Montefiore Egypt and Pesach

March 28, 2013 20:47
5 min read

Not every Rabbi has an Emeritus Rabbi and mine is my Dad!!!! Dad's sermon for First day Pesach inspires me as they always have done.

After a hiatus of over a decade, I have been drawn back to the hero of my PhD - Moses Montefiore. Invitations to lecture at Oxford University, Harrow Limmud and Ramsgate have made me wish I was retired and could devote myself to writing my long delayed biographies of Judith Montefiore and lehavdil, Rabbi Richard Feder. Longstanding members might remember that it was Kolin & its rabbi Feder that connected me to Montefiore and his travels. However a trip down to Ramsgate last month brought to mind a connection between Montefiore and Pesach and the Jewish people's curious relationship with the land of Egypt.

Of course last night's celebration and the next 7 days diet will make us remember the core moment in Jewish history, the exodus from Egypt. We lived there, presumably peacefully, for generations; ever since our boy Joseph rose to become Prime Minister and brought his whole mishpacha down to enjoy the bounty of his adopted homeland. Until a new king arose and overnight, it seemed, our condition deteriorated rapidly and we became oppressed slaves a people persecuted by a xenophobic king. How often the scenario to gets repeated in our history....and, yes, in the stories of so many minority peoples.

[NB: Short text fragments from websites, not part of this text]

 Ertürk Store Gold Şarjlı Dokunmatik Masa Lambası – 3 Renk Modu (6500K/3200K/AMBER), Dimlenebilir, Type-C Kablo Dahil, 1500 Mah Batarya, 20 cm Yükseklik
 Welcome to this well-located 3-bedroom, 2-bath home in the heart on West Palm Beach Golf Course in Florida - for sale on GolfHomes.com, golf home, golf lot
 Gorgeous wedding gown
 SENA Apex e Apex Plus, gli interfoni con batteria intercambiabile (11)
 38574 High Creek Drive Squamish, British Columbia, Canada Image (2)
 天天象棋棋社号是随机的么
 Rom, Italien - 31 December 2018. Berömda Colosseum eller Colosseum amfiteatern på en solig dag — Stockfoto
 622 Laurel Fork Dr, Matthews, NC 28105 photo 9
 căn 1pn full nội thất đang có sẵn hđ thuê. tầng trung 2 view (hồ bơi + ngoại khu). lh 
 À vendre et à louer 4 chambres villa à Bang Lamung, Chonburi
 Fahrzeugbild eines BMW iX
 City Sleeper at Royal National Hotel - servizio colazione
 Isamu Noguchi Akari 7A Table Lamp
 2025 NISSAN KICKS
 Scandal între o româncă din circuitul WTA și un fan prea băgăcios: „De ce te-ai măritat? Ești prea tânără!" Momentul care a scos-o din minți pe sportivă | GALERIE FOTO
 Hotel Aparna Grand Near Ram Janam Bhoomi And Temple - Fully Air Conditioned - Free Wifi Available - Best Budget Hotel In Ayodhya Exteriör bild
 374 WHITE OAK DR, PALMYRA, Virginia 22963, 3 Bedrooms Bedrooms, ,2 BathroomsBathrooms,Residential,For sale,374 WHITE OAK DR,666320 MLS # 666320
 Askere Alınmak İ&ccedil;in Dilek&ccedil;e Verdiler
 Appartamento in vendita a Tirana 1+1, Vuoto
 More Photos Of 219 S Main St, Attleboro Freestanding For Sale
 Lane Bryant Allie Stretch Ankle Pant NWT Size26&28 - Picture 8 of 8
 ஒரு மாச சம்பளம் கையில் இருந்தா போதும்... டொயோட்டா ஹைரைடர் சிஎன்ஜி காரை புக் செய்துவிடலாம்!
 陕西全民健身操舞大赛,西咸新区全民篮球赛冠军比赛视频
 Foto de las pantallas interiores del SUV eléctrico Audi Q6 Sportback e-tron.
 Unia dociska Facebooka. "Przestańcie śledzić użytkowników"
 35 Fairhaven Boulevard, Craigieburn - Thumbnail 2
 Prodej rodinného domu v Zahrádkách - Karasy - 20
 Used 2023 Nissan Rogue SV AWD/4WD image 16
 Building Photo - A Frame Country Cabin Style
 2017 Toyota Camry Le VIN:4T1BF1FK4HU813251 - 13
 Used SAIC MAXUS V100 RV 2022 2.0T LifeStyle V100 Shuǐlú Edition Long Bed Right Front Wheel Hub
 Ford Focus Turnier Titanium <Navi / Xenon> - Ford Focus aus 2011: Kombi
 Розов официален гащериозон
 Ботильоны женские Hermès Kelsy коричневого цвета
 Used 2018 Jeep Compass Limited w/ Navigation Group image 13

But Egypt, the land where we had known good times, now the bad; Egypt, from where we were delivered, so miraculously according to our ancient stories, and the moment remembered, not just in our festivals, but as a reason for Shabbat in the Ten Commandments, and in the prayer after the Shema in all of our services. Egypt that attracted a mitzvah, one of the 613 commandments in the Torah that forbade the King from sending the people back to Egypt even for commerce or to find wives (though King Solomon broke both rules, and it did him no good!)(Deut 17:16). Yet later in Deuteronomy it says: "You shall not hate an Egyptian for you were strangers in their land.(23:8) And another mitzvah....though it was made difficult for an Egyptian to convert to Judaism...with other nations like the Moabites it was made impossible. So always a hate/love relationship with Israel's neighbour, even within the Torah.